All the cards are marked . At least half the deck have marks of some kind . Good luck with spotting them.— Calen McNeil (@BigwheelMcNeil) June 14, 2017
At this writing, WSOP officials have remained "mum" about the controversy. I would expect some sort of statement or resolution soon, because there's nothing that can hurt the integrity of the game more than the suspicion of marked cards.
1. "Kid Poker" is the real deal
Speaking of Negreanu, there's good reason why he's the undisputed most popular player in poker. He's extremely likable and entertaining, and he knows how to build a brand.
This year, the six-time WSOP bracelet winner, who is the all-time leading money winner in poker with over $33 million in earnings, started a daily video blog on YouTube. While he said the purpose of the vlog is to bring his fans with him through the grind of playing in the WSOP, there is much more than just poker as the cameras follow him from his bedroom to the pool to the gym and to his soccer games, as well as the WSOP floor.

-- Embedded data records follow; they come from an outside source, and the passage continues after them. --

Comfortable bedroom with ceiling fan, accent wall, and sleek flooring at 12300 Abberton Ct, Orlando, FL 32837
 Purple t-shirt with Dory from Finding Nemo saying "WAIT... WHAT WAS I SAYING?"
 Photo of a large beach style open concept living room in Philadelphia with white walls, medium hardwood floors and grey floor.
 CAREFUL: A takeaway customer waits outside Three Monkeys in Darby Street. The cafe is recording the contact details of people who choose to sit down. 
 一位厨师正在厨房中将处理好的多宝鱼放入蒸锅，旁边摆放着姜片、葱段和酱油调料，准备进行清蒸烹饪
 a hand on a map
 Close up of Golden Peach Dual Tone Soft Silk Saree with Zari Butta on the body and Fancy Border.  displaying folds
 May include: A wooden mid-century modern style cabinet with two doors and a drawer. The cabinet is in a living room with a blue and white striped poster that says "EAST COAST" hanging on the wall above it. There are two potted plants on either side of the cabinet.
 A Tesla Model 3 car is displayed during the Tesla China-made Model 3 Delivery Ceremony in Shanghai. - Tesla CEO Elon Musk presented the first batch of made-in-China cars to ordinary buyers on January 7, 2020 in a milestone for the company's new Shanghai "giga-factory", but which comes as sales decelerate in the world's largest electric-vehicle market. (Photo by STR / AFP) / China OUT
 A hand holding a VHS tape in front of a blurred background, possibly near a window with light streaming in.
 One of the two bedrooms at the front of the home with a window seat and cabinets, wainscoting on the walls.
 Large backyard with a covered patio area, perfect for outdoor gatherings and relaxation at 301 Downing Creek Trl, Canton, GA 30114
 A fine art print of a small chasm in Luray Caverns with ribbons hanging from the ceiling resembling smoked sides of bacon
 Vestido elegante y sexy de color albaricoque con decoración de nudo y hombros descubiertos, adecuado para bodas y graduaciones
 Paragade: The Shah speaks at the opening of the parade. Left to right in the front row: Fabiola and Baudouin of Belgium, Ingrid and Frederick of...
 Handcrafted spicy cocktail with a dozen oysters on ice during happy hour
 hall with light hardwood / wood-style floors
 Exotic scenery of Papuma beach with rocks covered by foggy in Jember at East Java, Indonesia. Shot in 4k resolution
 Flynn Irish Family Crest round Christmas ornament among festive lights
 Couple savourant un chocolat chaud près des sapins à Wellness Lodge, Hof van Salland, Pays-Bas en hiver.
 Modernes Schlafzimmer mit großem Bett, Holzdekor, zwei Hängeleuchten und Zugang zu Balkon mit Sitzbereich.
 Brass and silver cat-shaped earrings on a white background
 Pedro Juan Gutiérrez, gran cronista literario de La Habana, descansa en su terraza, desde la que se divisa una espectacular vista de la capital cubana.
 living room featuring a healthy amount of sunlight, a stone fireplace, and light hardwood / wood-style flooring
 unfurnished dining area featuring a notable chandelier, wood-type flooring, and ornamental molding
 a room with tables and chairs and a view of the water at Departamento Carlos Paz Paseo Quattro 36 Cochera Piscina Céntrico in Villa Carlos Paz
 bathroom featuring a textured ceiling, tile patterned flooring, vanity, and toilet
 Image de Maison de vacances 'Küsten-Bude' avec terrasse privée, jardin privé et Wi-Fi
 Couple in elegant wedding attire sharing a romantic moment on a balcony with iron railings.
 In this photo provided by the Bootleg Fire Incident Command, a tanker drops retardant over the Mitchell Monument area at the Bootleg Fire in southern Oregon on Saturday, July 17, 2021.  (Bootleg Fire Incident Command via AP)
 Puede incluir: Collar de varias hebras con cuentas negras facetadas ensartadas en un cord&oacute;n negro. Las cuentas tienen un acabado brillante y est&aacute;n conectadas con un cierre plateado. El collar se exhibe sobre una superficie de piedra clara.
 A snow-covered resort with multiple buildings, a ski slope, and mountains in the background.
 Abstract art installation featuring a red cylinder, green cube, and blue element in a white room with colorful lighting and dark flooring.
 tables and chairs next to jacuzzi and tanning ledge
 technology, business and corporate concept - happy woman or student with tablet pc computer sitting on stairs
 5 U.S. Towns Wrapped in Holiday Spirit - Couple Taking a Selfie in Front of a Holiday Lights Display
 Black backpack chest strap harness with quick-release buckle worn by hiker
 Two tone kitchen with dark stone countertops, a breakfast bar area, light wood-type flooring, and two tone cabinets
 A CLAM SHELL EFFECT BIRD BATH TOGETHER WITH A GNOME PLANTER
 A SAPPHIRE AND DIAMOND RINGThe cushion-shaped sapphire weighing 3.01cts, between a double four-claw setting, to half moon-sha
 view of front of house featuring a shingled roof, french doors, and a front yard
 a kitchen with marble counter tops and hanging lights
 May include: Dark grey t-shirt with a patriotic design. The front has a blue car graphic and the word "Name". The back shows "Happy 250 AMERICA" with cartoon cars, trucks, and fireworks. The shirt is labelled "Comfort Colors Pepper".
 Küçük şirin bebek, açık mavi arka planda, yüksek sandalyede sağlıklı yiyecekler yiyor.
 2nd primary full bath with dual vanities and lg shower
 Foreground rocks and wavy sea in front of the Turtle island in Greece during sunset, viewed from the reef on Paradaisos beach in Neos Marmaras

Each episode runs around 20 minutes or so, and they have been attracting as many as 120,000 views each. It sounds cliché, but Negreanu is, by far, the best ambassador in the game, and — take it from someone who has watched him at the poker table from just steps away and seen him interact with his fans — he is the real deal. It's not an act, and it's refreshing to see a true superstar continue to be all about the game and the fans.